*Requirement:*
Your task is to print all of the data below exactly, with no pictures included.

*Information provided:*

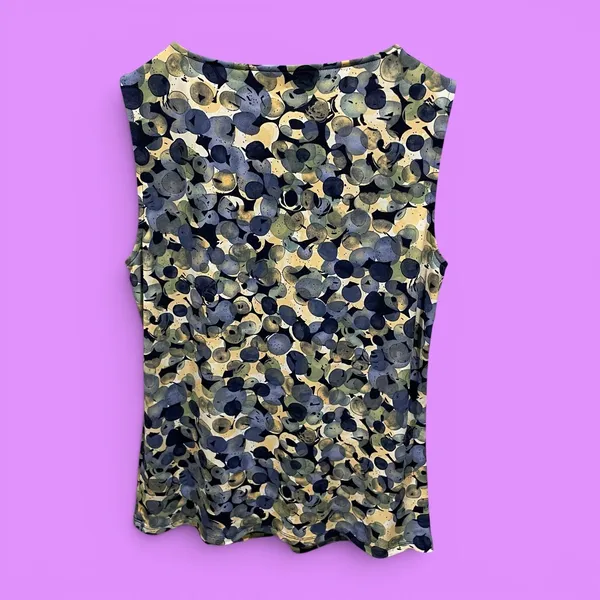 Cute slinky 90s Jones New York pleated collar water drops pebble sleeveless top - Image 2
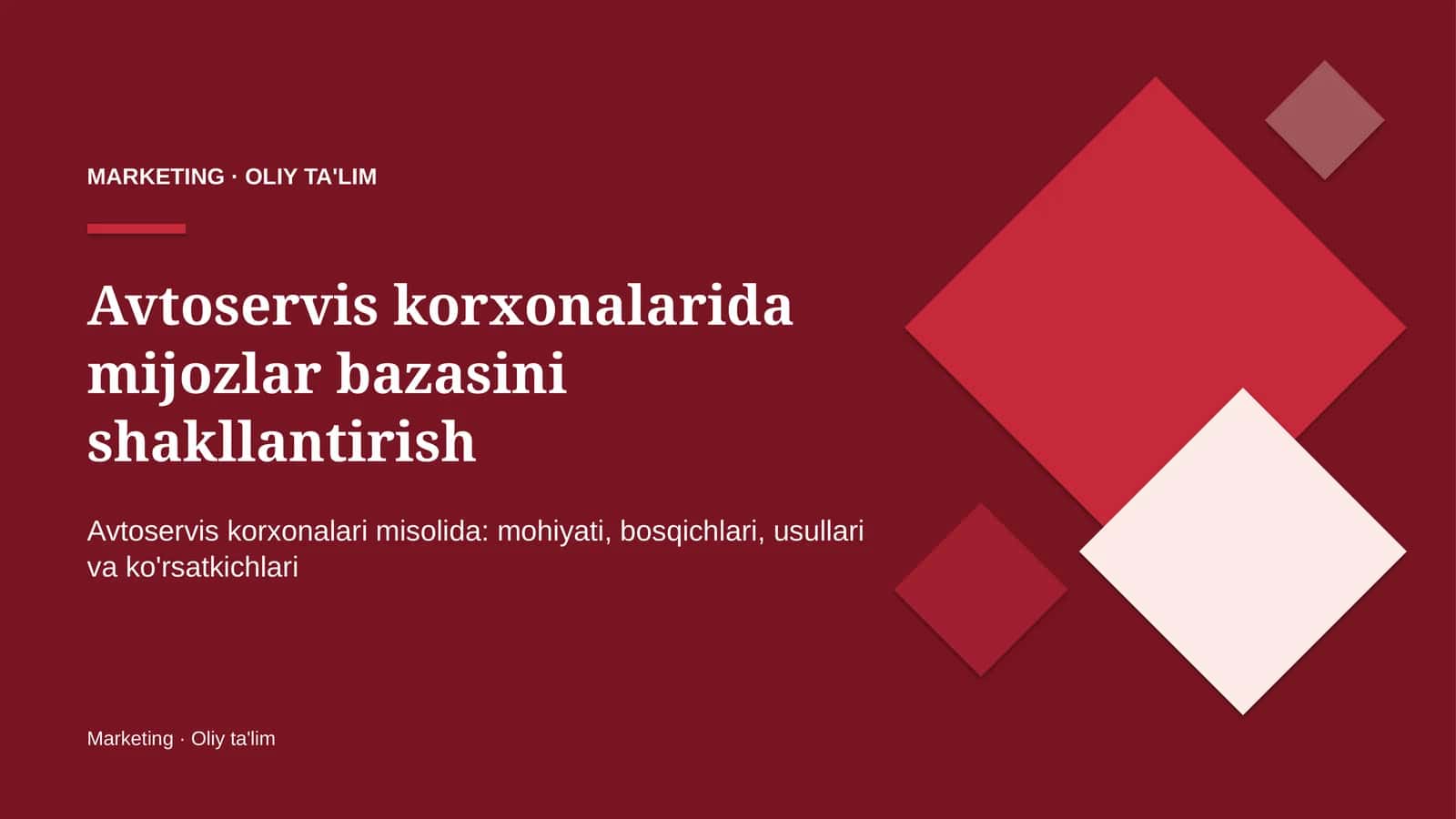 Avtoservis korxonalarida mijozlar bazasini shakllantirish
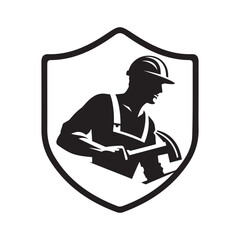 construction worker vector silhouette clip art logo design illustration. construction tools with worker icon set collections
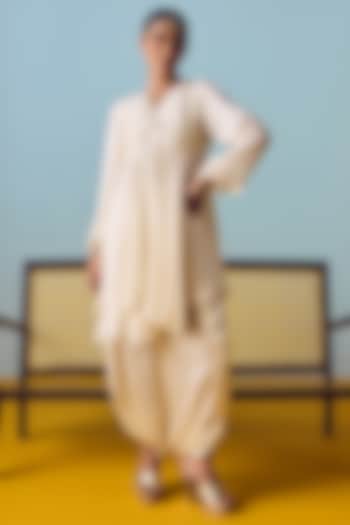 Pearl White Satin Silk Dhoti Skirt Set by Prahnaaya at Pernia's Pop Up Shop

*Answer space:*
 Cute slinky 90s Jones New York pleated collar water drops pebble sleeveless top - Image 2
 Avtoservis korxonalarida mijozlar bazasini shakllantirish
 construction worker vector silhouette clip art logo design illustration. construction tools with worker icon set collections
 Pearl White Satin Silk Dhoti Skirt Set by Prahnaaya at Pernia's Pop Up Shop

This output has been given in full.